• _Exercise details_
Reproduce from the records below, with no pictures, exactly the lines between the one containing "- Βίντεο, φωτογραφίες" and the one containing "new 2024 Ford Bronco car, priced at $82,220", inclusive.

• _Records provided_
━━━━━━━━━━━━━━━━

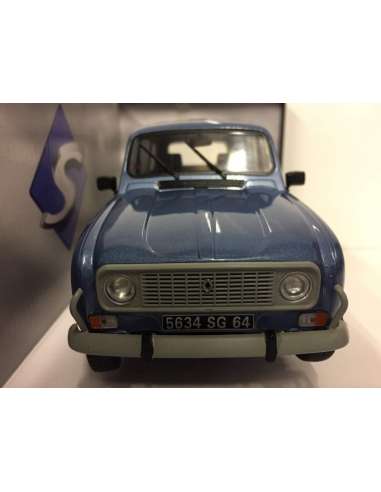 Coche 1:18 Renault 4L Gtl Clan 1989 Ble
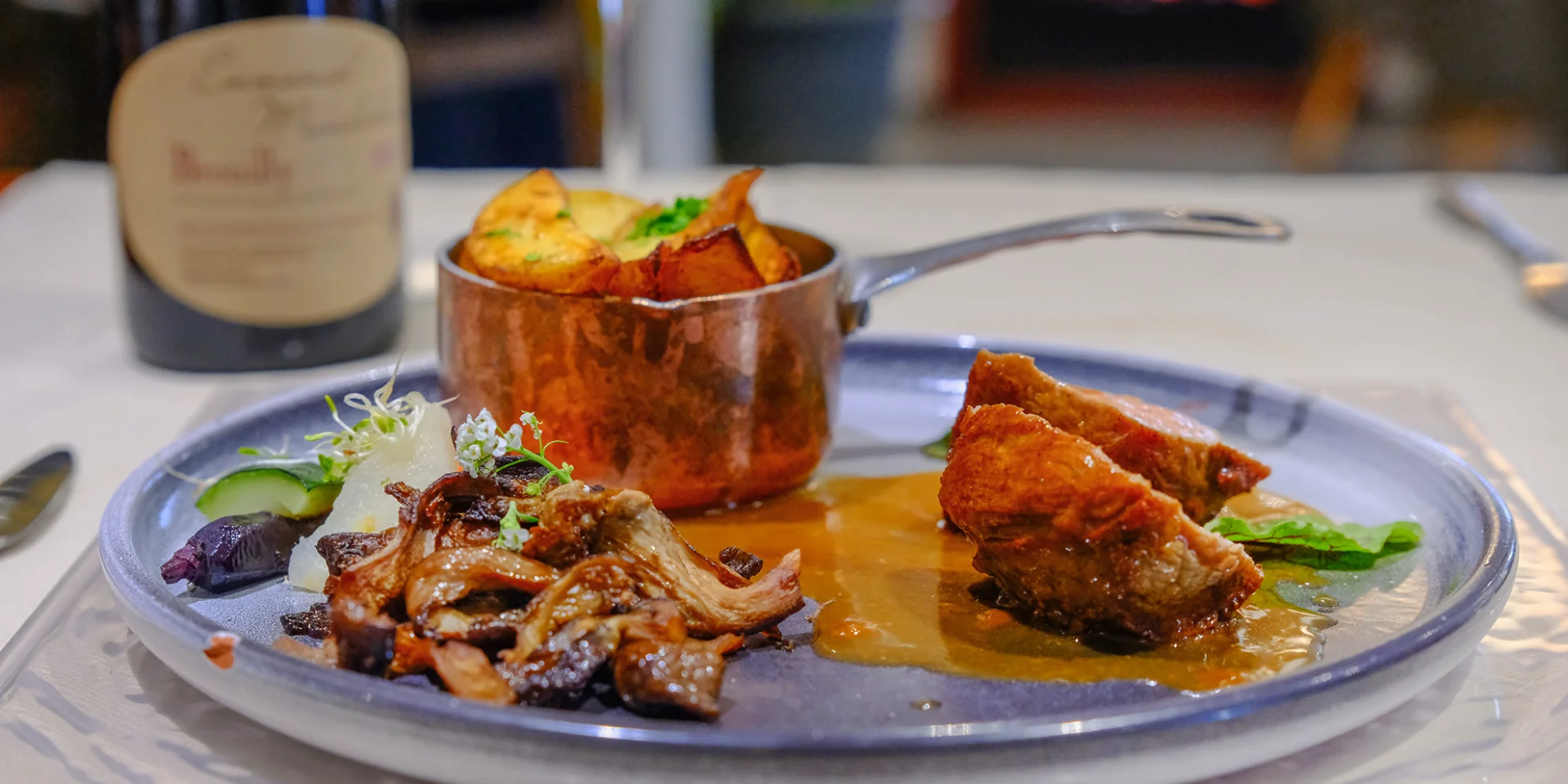 Restaurant O vin sur vingt Lamentin Martinique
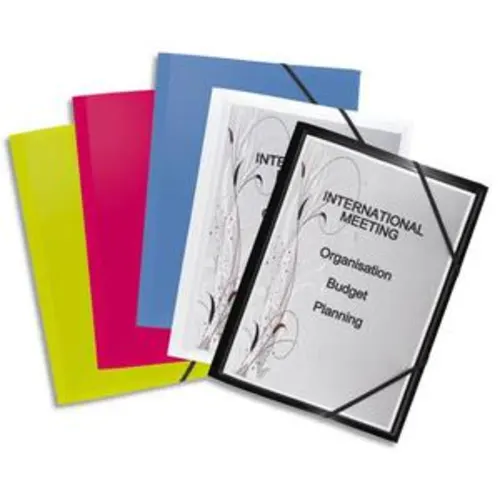 Chemises 3 rabats à élastiques ELBA photo du produit image1 L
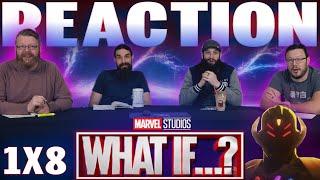 Marvels What If...? 1x8 REACTION What If... Ultron Won?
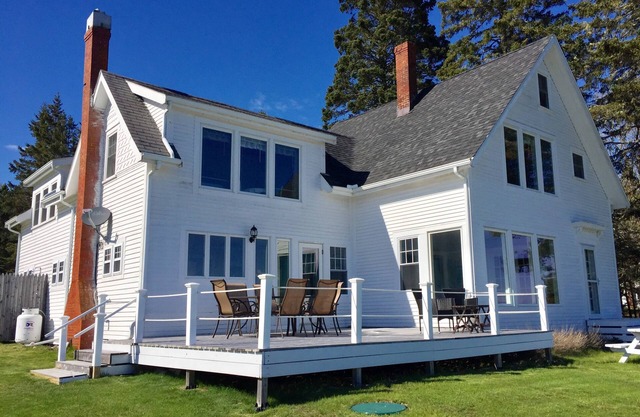 300 pieds Oceanfront 10 rm-6 BR-2BA -Private Beach-sleeps 12- Private Beach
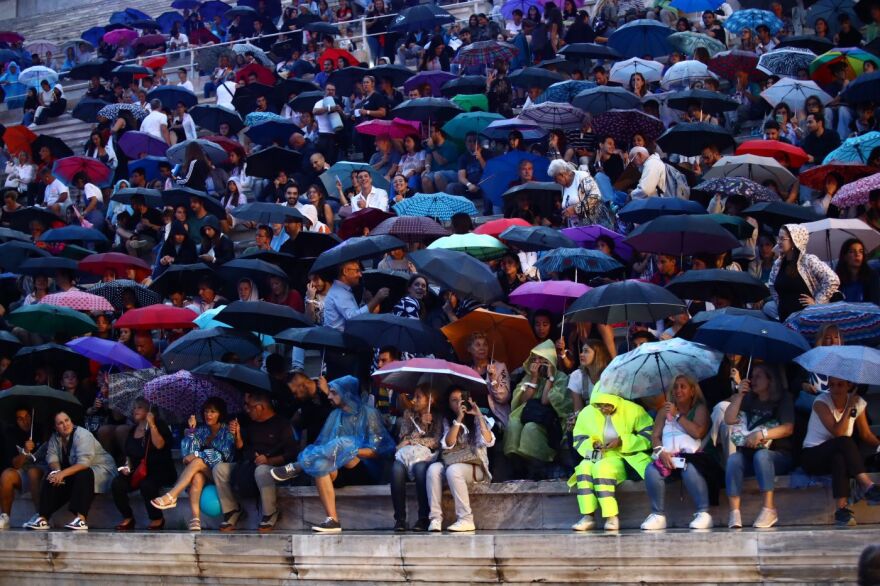 «Αθήνα 20 χρόνια μετά»: Η ΕΟΕ βράβευσε στο Παναθηναϊκό Στάδιο τους Ολυμπιονίκες, τους Παραολυμπιονίκες και τους Legends 2004 - Βίντεο, φωτογραφίες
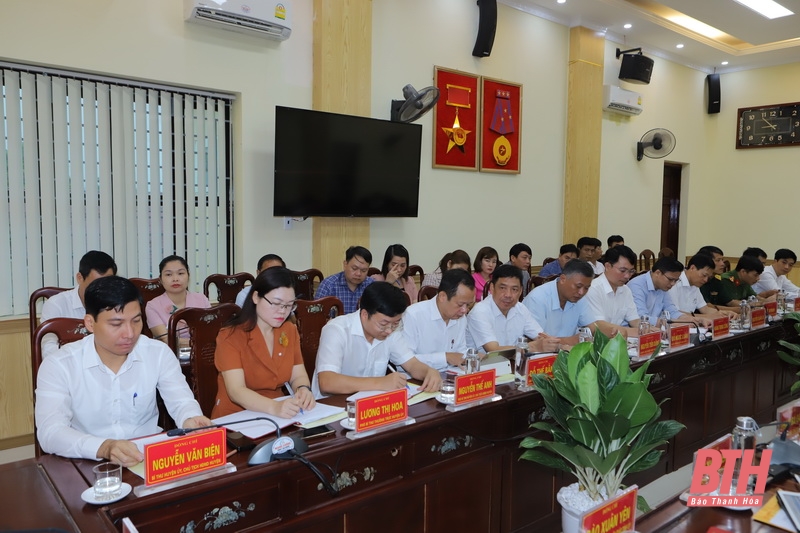 Thiệu Hóa phải phấn đấu trở thành huyện nông thôn mới nâng cao, huyện khá của tỉnh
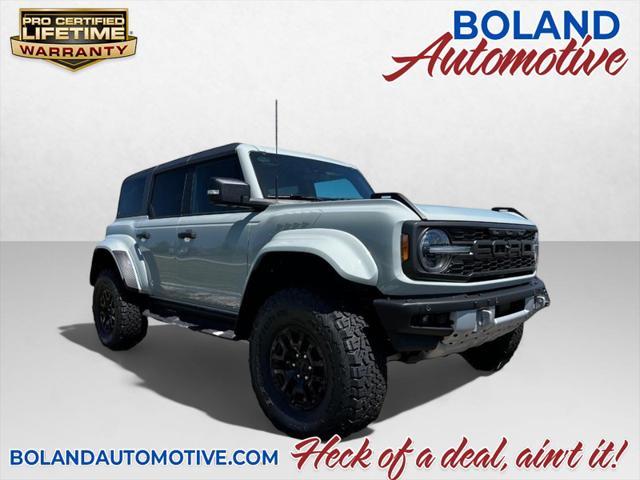 new 2024 Ford Bronco car, priced at $82,220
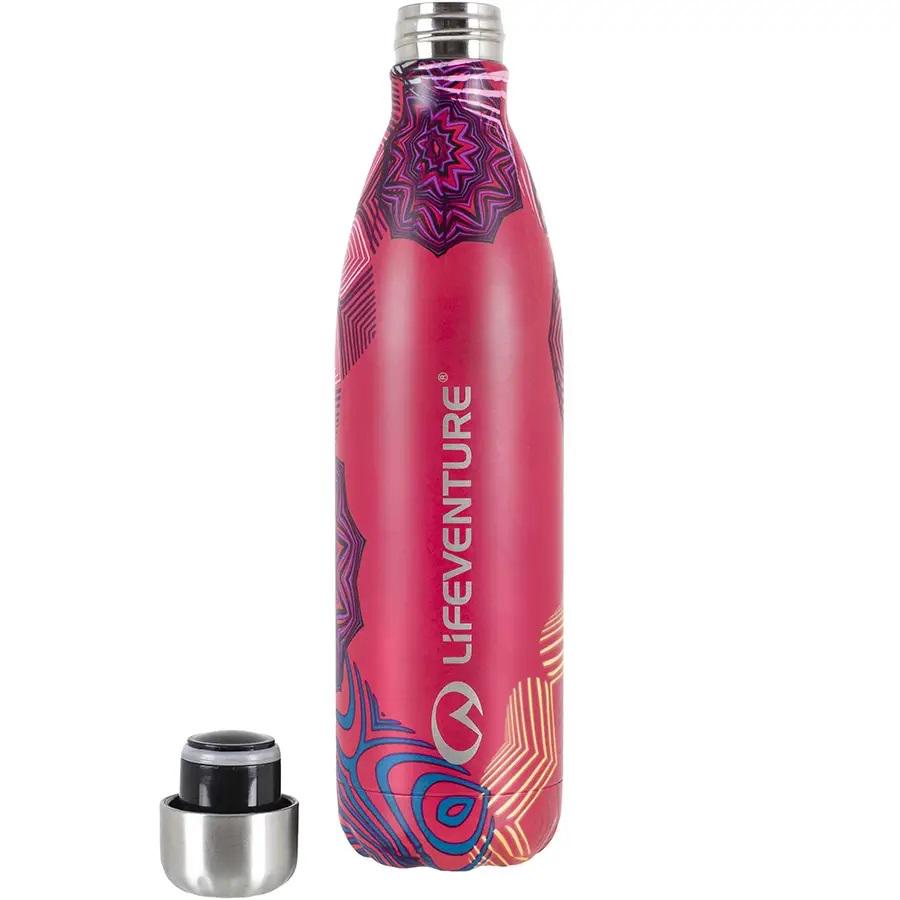 Термофляга Lifeventure Insulated Bottle 750 мл Рожевий (74432) - фото 2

━━━━━━━━━━━━━━━━

• _Answer to this task_
 «Αθήνα 20 χρόνια μετά»: Η ΕΟΕ βράβευσε στο Παναθηναϊκό Στάδιο τους Ολυμπιονίκες, τους Παραολυμπιονίκες και τους Legends 2004 - Βίντεο, φωτογραφίες
 Thiệu Hóa phải phấn đấu trở thành huyện nông thôn mới nâng cao, huyện khá của tỉnh
 new 2024 Ford Bronco car, priced at $82,220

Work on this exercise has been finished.